Re: [PATCH 3/3] epoll: use rwlock in order to reduce ep_poll_callback() contention

From: Roman Penyaev
Date: Thu Dec 13 2018 - 05:14:04 EST


On 2018-12-12 18:13, Andrea Parri wrote:
On Wed, Dec 12, 2018 at 12:03:57PM +0100, Roman Penyaev wrote:

[...]

+static inline void list_add_tail_lockless(struct list_head *new,
+ struct list_head *head)
+{
+ struct list_head *prev;
+
+ new->next = head;
+
+ /*
+ * Initially ->next of a new element must be updated with the head
+ * (we are inserting to the tail) and only then pointers are atomically
+ * exchanged. XCHG guarantees memory ordering, thus ->next should be
+ * updated before pointers are actually swapped.
+ */
+
+ prev = xchg(&head->prev, new);
+
+ /*
+ * It is safe to modify prev->next and new->prev, because a new element
+ * is added only to the tail and new->next is updated before XCHG.
+ */

IIUC, you're also relying on "some" ordering between the atomic load
of &head->prev above and the store to prev->next below: consider the
following snippet for two concurrent list_add_tail_lockless()'s:

{Initially: List := H -> A -> B}

CPU0 CPU1

list_add_tail_lockless(C, H): list_add_tail_lockless(D, H):

C->next = H D->next = H
prev = xchg(&H->prev, C) // =B prev = xchg(&H->prev, D) // =C
B->next = C C->next = D
C->prev = B D->prev = C

Here, as annotated, CPU0's xchg() "wins" over CPU1's xchg() (i.e., the
latter reads the value of &H->prev that the former stored to that same
location).

As you noted above, the xchg() guarantees that CPU0's store to C->next
is "ordered before" CPU0's store to &H->prev.

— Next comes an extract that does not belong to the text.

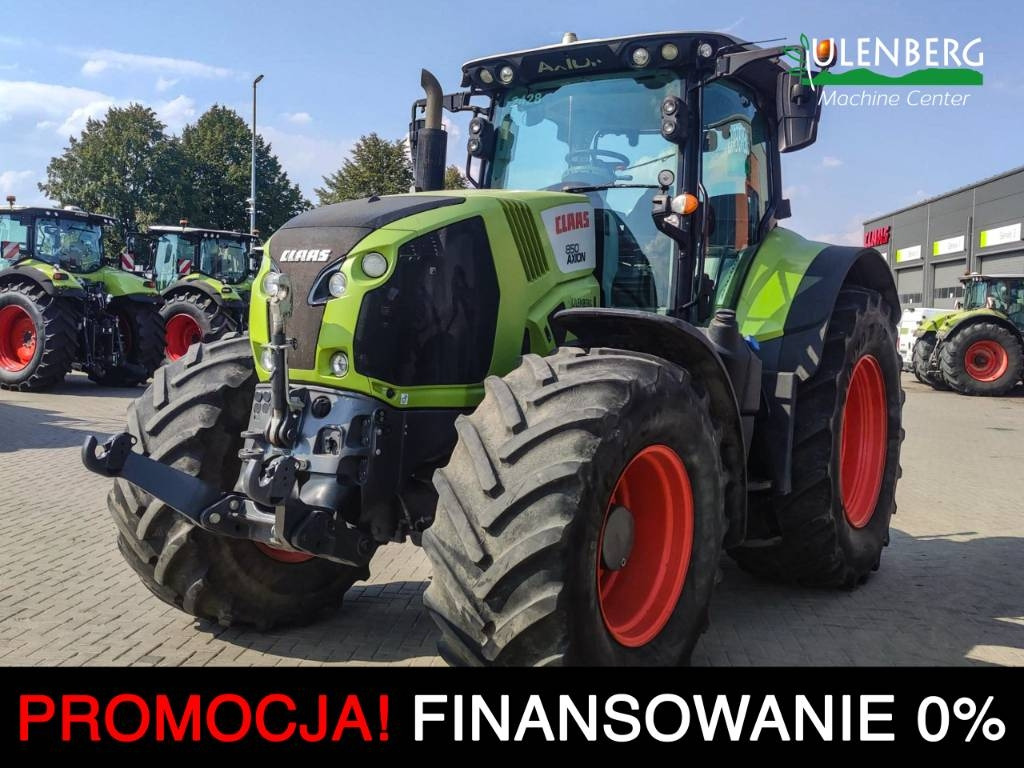 Claas Axion 850 CIS+ - Tractor: foto 1 Claas Axion 850 CIS+ - Tractor: foto 1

But we also want CPU1's load from &H->prev to be ordered before CPU1's
store to C->next, which is also guaranteed by the xchg() (or, FWIW, by
the address dependency between these two memory accesses).

I do not see what could guarantee "C->next == D" in the end, otherwise.

What am I missing?

Hi Andrea,

xchg always acts as a full memory barrier, i.e. mfence in x86 terms. So the
following statement should be always true, otherwise nothing should work as
the same code pattern is used in many generic places:

CPU0 CPU1

C->next = H
xchg(&ptr, C)
C = xchg(&ptr, D)
C->next = D


This is the only guarantee we need, i.e. make it simplier:

C->next = H
mfence mfence
C->next = D

the gurantee that two stores won't reorder. Pattern is always the same: we
prepare chunk of memory on CPU0 and do pointers xchg, CPU1 sees chunks of
memory with all stores committed by CPU0 (regardless of CPU1 does loads
or stores to this chunk).

I am repeating the same thing which you also noted, but I just want to be
sure that I do not say nonsense. So basically repeating to myself.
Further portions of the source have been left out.